[Records from a collection]
********

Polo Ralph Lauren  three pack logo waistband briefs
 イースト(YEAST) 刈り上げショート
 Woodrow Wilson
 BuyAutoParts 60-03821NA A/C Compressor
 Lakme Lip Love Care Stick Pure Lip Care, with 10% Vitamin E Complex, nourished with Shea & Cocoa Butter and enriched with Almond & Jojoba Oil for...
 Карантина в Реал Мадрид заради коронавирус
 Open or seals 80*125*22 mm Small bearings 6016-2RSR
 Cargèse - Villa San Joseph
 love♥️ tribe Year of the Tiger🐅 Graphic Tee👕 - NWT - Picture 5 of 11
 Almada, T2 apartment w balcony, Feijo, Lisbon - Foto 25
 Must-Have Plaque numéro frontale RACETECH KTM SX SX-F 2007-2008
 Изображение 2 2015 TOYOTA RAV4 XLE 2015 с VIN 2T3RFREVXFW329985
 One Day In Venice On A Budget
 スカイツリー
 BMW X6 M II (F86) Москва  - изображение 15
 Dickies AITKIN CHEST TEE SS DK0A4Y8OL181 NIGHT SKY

********

§ **Activity**: Retype exactly, please, each line from the line that contains "Изображение 2 2015" through the last line of the entries above, with nothing added.

§ **Result of the exercise**:
 Изображение 2 2015 TOYOTA RAV4 XLE 2015 с VIN 2T3RFREVXFW329985
 One Day In Venice On A Budget
 スカイツリー
 BMW X6 M II (F86) Москва  - изображение 15
 Dickies AITKIN CHEST TEE SS DK0A4Y8OL181 NIGHT SKY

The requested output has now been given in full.